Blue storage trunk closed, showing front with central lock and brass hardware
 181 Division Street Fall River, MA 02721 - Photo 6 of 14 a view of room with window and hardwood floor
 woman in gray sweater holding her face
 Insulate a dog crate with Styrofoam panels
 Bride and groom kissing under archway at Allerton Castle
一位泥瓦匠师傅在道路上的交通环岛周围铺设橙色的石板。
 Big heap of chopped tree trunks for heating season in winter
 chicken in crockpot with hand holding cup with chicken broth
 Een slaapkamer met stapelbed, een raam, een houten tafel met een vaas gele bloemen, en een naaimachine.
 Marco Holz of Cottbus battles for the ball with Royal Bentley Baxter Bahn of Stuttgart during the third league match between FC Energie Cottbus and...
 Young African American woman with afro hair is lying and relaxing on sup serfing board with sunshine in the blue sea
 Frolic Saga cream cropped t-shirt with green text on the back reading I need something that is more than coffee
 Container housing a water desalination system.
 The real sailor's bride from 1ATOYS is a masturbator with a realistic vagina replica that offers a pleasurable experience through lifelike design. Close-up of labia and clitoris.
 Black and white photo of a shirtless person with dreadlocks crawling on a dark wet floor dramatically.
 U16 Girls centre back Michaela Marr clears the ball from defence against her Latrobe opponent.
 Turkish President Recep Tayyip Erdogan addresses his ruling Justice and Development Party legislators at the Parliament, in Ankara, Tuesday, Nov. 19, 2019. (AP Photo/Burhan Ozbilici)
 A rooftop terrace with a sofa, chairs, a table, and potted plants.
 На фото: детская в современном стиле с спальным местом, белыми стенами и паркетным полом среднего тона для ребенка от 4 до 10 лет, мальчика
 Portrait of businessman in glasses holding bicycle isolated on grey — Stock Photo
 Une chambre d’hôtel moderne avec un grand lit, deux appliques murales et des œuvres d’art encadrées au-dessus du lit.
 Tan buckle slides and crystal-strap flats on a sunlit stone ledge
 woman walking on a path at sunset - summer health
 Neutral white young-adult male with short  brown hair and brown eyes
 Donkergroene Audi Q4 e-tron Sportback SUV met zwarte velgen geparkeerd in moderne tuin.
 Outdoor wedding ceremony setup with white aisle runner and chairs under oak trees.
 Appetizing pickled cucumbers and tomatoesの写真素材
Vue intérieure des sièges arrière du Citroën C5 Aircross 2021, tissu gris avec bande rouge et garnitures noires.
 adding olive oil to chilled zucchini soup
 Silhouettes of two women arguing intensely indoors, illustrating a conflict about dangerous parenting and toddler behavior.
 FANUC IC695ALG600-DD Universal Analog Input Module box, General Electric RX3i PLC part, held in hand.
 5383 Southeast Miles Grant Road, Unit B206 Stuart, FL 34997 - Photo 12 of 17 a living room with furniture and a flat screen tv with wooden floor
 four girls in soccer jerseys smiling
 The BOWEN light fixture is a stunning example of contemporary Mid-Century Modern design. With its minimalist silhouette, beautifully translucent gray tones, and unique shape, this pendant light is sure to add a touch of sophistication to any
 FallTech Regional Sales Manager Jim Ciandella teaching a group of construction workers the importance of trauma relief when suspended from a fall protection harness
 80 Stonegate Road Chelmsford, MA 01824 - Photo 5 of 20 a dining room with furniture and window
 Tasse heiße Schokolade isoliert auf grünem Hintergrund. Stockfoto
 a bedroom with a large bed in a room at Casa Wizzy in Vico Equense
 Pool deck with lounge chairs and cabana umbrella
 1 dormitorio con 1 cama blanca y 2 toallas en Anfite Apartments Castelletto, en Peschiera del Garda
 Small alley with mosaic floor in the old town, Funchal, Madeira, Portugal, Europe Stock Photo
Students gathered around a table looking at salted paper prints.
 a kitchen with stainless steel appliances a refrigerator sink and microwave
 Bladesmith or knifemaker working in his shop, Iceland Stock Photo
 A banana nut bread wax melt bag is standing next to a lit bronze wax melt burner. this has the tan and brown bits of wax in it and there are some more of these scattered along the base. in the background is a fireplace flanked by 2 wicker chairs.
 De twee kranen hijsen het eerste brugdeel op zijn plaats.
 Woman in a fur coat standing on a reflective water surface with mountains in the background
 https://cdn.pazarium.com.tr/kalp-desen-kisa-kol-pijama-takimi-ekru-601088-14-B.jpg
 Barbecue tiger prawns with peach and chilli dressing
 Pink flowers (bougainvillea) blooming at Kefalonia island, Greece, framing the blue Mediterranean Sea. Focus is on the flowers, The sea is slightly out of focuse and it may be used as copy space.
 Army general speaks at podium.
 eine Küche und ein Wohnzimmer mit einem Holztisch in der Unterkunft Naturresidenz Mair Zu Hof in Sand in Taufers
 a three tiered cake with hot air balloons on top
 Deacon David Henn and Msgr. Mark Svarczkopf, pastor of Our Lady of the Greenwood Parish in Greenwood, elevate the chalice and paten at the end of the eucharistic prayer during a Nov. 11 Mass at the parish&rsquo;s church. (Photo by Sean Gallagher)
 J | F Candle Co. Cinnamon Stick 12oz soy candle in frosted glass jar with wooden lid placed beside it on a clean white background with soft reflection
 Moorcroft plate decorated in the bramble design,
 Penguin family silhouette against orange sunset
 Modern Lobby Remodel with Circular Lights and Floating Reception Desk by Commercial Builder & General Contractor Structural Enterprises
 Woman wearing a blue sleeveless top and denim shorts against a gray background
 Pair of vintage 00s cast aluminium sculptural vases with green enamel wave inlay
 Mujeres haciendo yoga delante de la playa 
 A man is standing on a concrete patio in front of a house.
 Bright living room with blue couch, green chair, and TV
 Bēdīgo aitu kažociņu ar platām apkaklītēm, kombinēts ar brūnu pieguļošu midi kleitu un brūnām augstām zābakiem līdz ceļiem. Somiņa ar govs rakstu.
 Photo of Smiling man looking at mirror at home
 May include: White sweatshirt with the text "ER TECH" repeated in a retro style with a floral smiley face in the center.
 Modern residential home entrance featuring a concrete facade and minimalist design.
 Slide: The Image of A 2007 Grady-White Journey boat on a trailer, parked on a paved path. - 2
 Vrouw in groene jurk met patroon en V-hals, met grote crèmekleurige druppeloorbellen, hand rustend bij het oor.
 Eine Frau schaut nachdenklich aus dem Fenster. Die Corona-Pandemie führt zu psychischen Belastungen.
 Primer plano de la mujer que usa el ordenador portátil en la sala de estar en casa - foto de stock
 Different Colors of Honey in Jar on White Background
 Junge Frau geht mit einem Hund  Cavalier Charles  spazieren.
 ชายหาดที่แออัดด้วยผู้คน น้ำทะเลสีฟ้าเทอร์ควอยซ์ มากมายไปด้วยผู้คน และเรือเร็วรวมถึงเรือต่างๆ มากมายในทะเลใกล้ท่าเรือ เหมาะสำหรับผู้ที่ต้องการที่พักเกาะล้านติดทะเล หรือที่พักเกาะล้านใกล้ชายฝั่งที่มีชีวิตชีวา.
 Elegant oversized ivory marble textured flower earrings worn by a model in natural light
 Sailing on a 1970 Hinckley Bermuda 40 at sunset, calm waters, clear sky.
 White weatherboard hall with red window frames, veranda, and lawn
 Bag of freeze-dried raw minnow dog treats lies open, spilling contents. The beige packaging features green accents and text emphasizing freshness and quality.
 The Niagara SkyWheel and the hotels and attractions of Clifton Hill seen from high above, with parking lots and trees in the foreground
--------
» Prompt:
Please return the lines above that run from the line containing "Photo of Smiling" to the line containing "Slide: The Image", inclusive, exactly and with no other lines.

» Task result:
 Photo of Smiling man looking at mirror at home
 May include: White sweatshirt with the text "ER TECH" repeated in a retro style with a floral smiley face in the center.
 Modern residential home entrance featuring a concrete facade and minimalist design.
 Slide: The Image of A 2007 Grady-White Journey boat on a trailer, parked on a paved path. - 2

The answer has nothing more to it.